++++ Data extract ++++

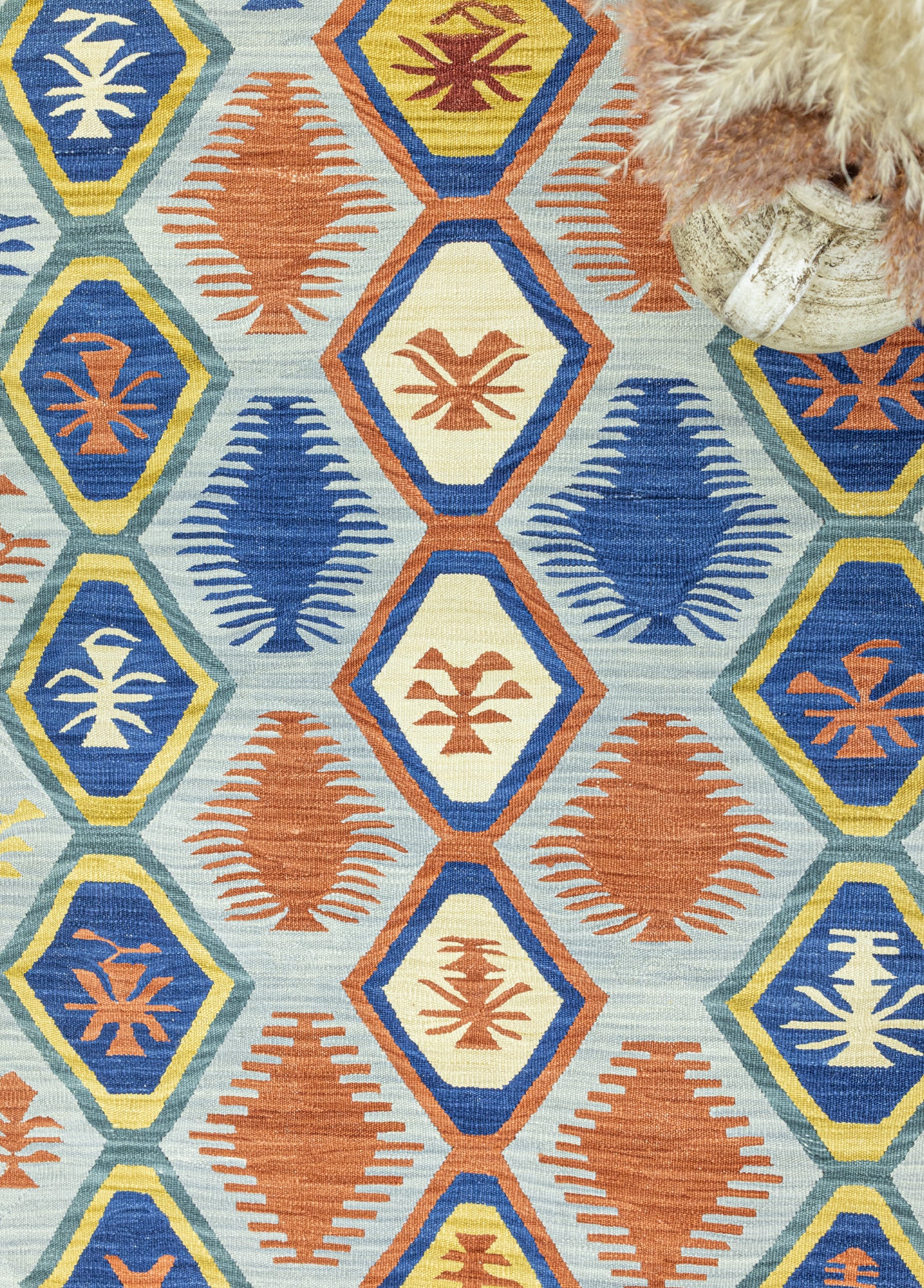 Miraz Geometrik Tasarımlı Yün Kilim 113x172 cm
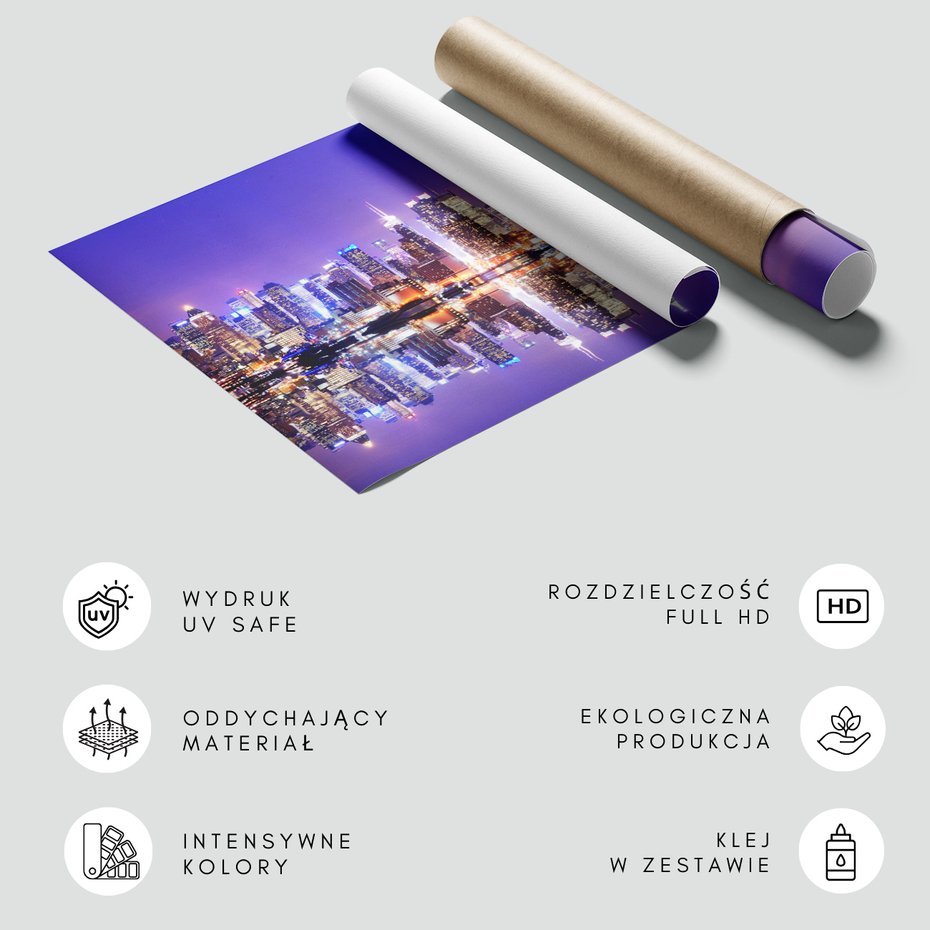 Fototapeta - miasto, noc, odbicie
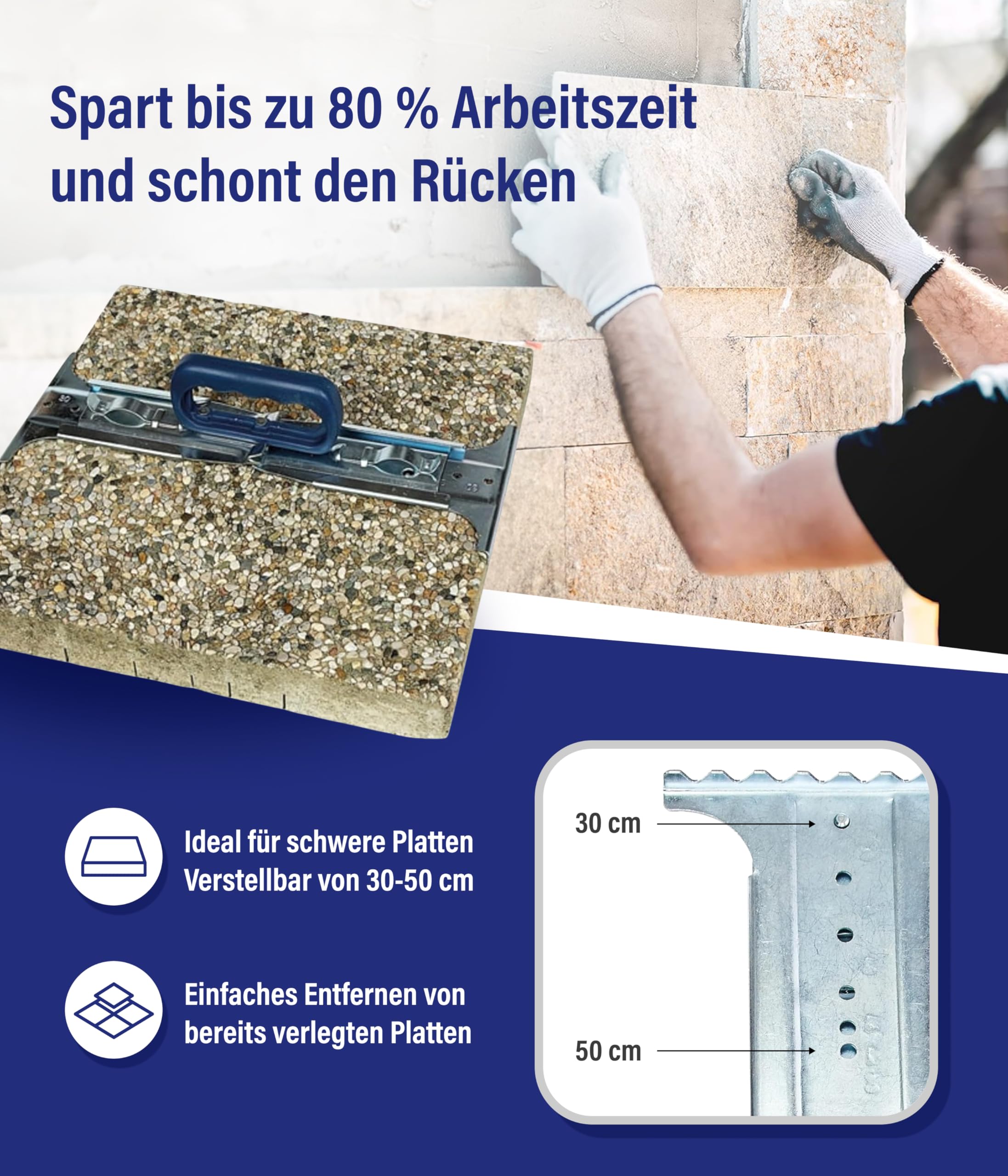 Karl Dahm Plattenkuli I Plattenheber für Platten von 30 bis 50cm I Praktischer Gehwegplatten Heber I Plattenheber Terrassenplatten I Hebehilfe – 10751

++++

#### Action item:
Line by line, return the listing above exactly, dropping every picture.

#### Reply to the task:
 Miraz Geometrik Tasarımlı Yün Kilim 113x172 cm
 Fototapeta - miasto, noc, odbicie
 Karl Dahm Plattenkuli I Plattenheber für Platten von 30 bis 50cm I Praktischer Gehwegplatten Heber I Plattenheber Terrassenplatten I Hebehilfe – 10751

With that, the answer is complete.